SOURCE DATA>
--- START ---

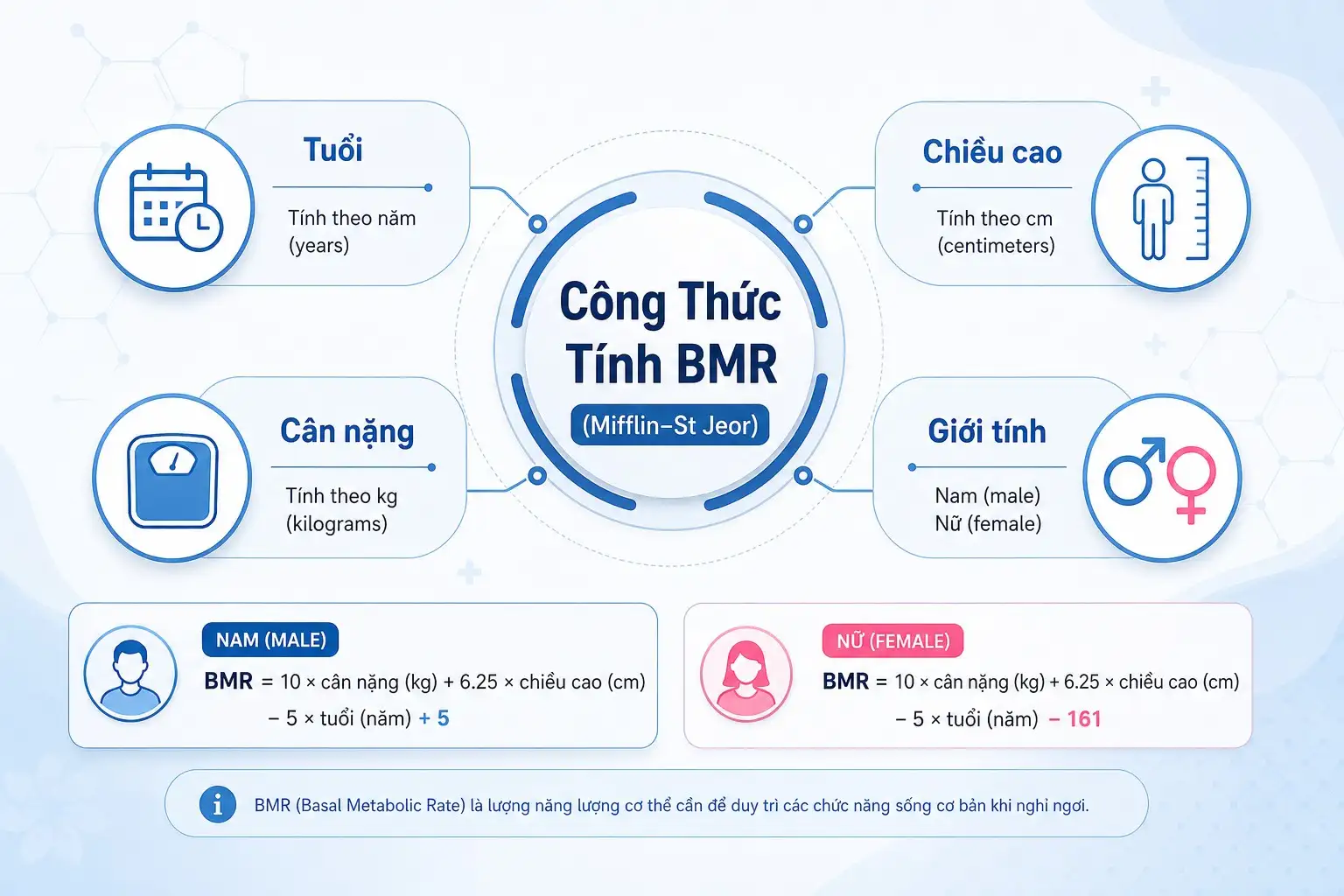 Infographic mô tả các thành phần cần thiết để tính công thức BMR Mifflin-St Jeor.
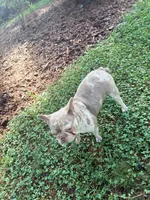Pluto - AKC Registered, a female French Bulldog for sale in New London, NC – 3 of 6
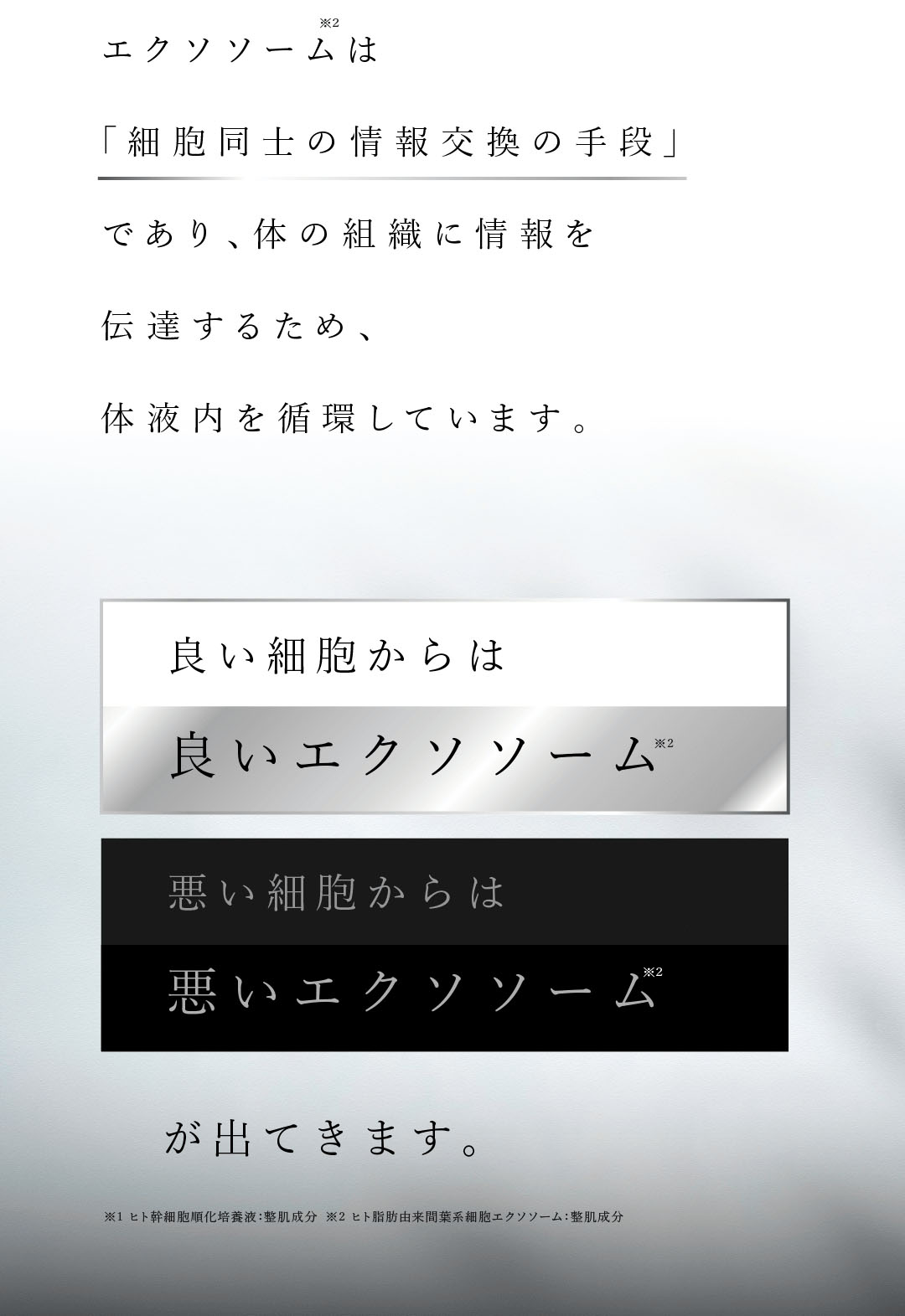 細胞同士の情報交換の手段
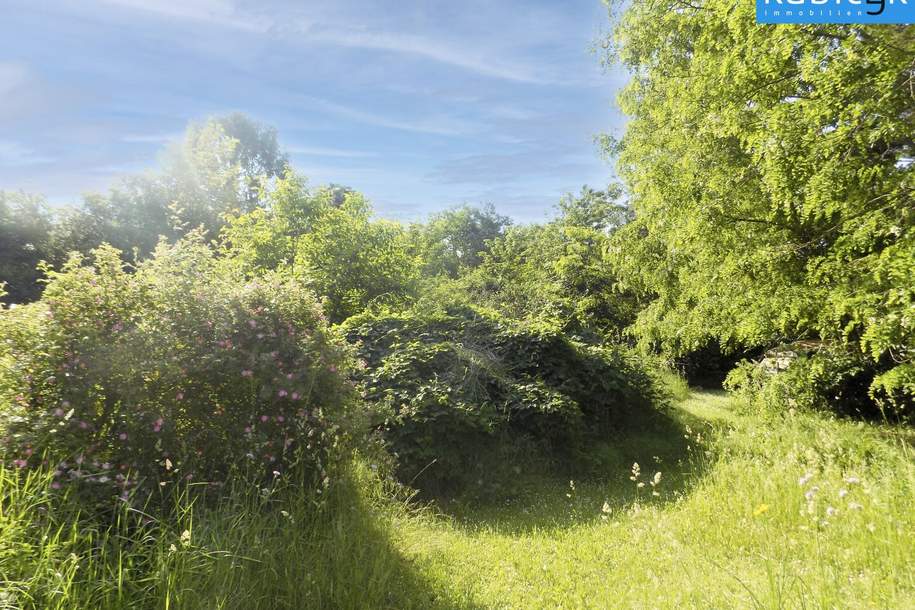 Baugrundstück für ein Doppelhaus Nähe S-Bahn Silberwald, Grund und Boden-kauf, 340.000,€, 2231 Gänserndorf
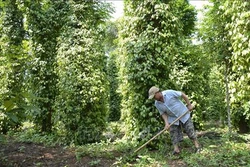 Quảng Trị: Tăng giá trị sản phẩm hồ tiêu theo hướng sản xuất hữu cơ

--- END ---
--- START ---

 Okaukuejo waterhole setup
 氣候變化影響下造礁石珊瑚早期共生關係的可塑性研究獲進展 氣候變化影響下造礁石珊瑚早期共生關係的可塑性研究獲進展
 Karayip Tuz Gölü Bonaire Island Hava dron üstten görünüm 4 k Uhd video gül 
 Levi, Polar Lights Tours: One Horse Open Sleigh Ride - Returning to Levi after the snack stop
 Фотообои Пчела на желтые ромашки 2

--- END ---
--- START ---

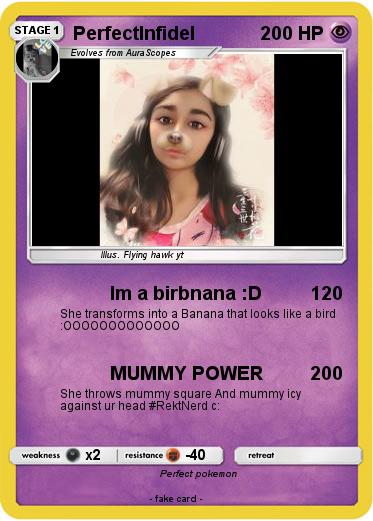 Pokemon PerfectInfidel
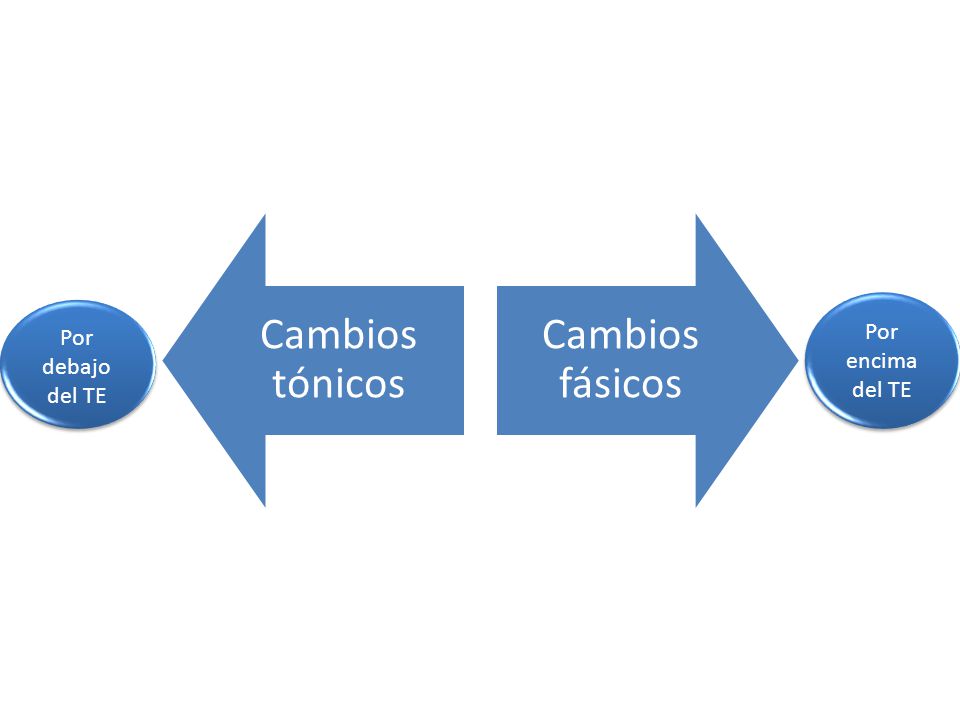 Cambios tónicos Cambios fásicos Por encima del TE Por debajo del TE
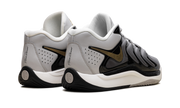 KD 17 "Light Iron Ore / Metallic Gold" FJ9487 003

--- END ---

WORK REQUIRED>
Lines wanted from the entries above: the one with "Infographic mô tả", the one with "Quảng Trị: Tăng", and all lines between. Please copy them exactly, without the pictures and without anything else.

ANSWER TO THIS EXERCISE>
 Infographic mô tả các thành phần cần thiết để tính công thức BMR Mifflin-St Jeor.
Pluto - AKC Registered, a female French Bulldog for sale in New London, NC – 3 of 6
 細胞同士の情報交換の手段
 Baugrundstück für ein Doppelhaus Nähe S-Bahn Silberwald, Grund und Boden-kauf, 340.000,€, 2231 Gänserndorf
 Quảng Trị: Tăng giá trị sản phẩm hồ tiêu theo hướng sản xuất hữu cơ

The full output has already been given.